Rails developers who want to leverage the speed and power of Rackspace Cloud Files are in luck – there are several different options to choose from. In this blog post, I will take a quick tour through three of the most popular Rails gems/plugins for cloud asset storage: attachment_fu, paperclip, and carrierwave.
Before I begin, why would you want to store assets in the cloud? First, you get the benefit of massively expandable storage. You don’t need to worry about adding another disk drive to your RAID or LVM pools, you just keep uploading and let the cloud provider worry about the disks. Second, you can gain the speed of a Content Distribution Network (CDN), such as Rackspace’s partner Limelight. This allows your users to get data faster, as the CDN routes their requests to network nodes located closer to the end user. Finally, you’re decoupling dynamic data (uploaded files) from static data (your application code), which will allow you to more easily scale your application servers based on server snapshots. That comes in handy when scaling out server images on Cloud Servers.
With that in mind, here’s a quick look at the big three plugins. For each of them, I have also provided links to the source code on github, as well as a small sample Rails application demonstrating how to use them. All of these utilities rely on the cloudfiles gem (source). (As an aside, that gem is due for some refactoring, so if anyone wants to help out with that project, feel free to drop me an email.)
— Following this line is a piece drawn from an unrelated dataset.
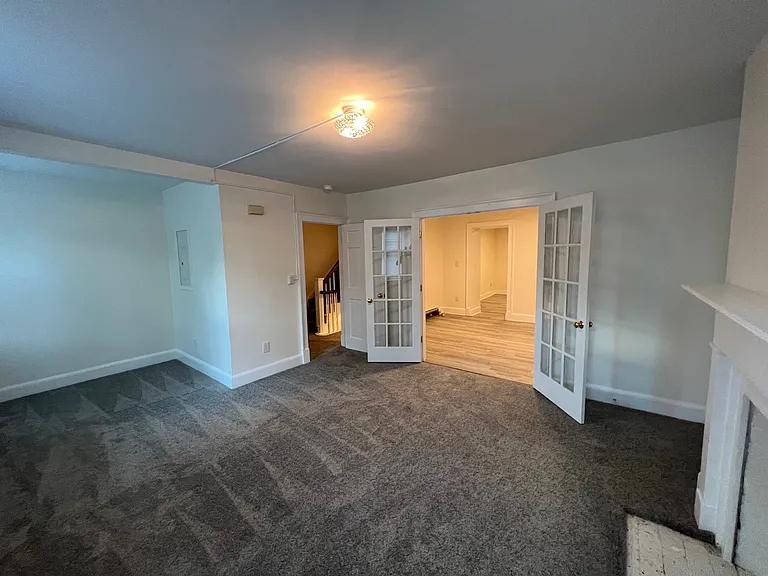 200 N Pearl St #2 — Photo 11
attachment_fu was one of the first solid file attachment plugins for Rails, with first commits happening back in December 2006. Mike Clark blogged about it in early 2007, and it was included as an example in the Advanced Rails Recipes book. It was created as the successor to the earlier acts_as_attachment plugin. Uploaded files can be stored to the filesystem, database, Rackspace Cloud Files, or Amazon S3.
In attachment_fu, the uploaded file is stored as a discrete model in and of itself. So for a User with an uploaded Photo, I’ve found it easier to put the user data in the User model, and join that with a Photo model that just handles the uploaded file. I haven’t had much luck adding extra data to the attachment model. Additionally, due to the way the metadata on the object is stored in the database, one model cannot represent multiple types of uploaded files (so the same model can’t handle both a Photo and an Avatar).
attachment_fu can work with a wide variety of image processors, including RMagick, ImageScience, Mini-Magick, GD2, and even CoreImage on the Mac. The attachment_fu README also gives examples of how to use it in scripting, which is handy if you need to bulk-add data, or migrate from a different file upload system. The README is also very thorough documenting the various options to the has_attachment definition, as well as the database tables.
(Cloud Files support in paperclip-cloudfiles)
Paperclip is likely the most popular file upload plugin today, with over 2,000 watchers on github and over 300 forks. Part of the great suite of Thoughtbot software (including clearance, hoptoad, factory_girl, shoulda, and more), it allows an easier integration of uploaded files with existing models. You don’t need to dedicate an entire new model to your uploaded files, instead you just add a few new database fields to the model (representing filename, content type, size, and update date), and you can also have multiple files attached to a given model.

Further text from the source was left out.